§ Brief:
Send back the line that contains "scissors icon inside silvery emblem" and all lines following it through the end of the data below, exactly, omitting pictures.

§ The data:
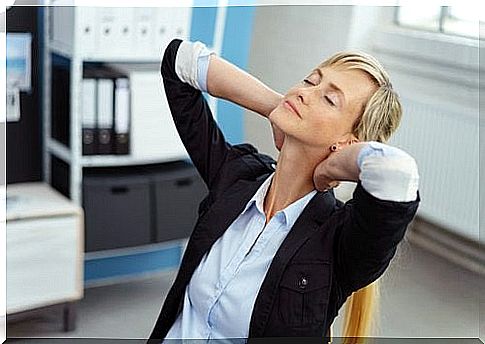 Woman in the office does neck stretching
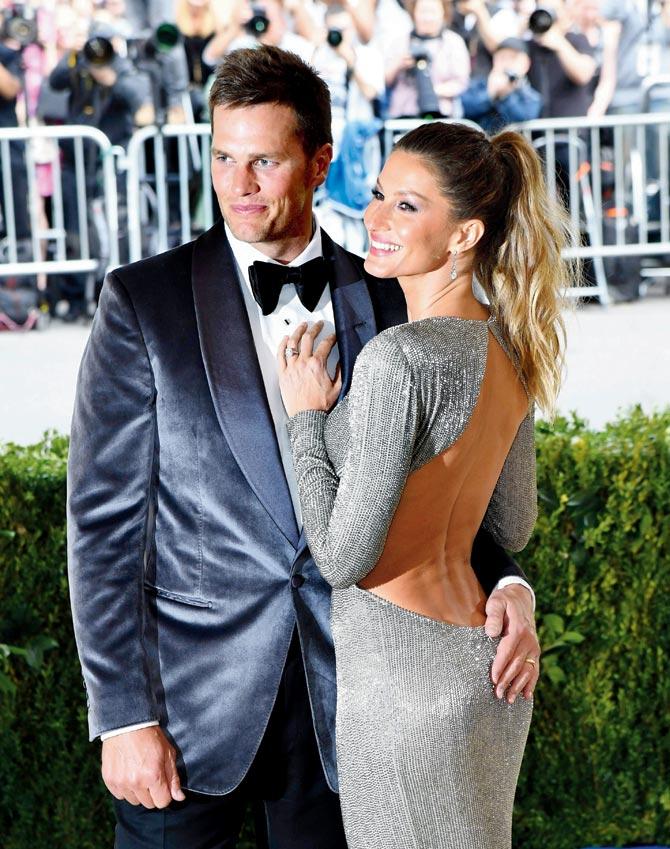 National Football League ace Tom Brady made sure he colour-coordinated with wife Gisele Bundchen. Brady opted for a dark grey satin tuxedo as Bundchen looked stunning in a sexy, slinky silver gown with cut out panels on either side. Pic/AFP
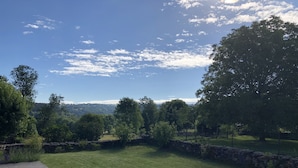 Ein grasbewachsenes Gelände mit Steinmauern und Bäumen, eine Holzterrasse und ein klarer Himmel.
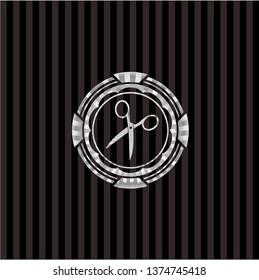 scissors icon inside silvery emblem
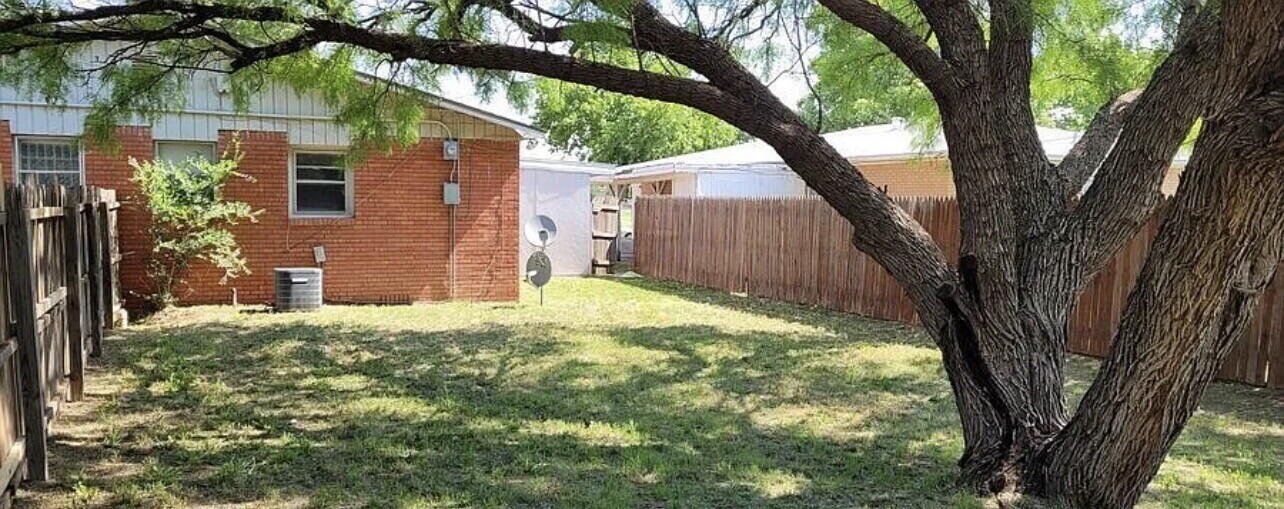 4427 31st Street, Unit A Lubbock, TX 79410 - Photo 9 of 9 a backyard of a house with large trees and a barn in the background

§ Result:
 scissors icon inside silvery emblem
 4427 31st Street, Unit A Lubbock, TX 79410 - Photo 9 of 9 a backyard of a house with large trees and a barn in the background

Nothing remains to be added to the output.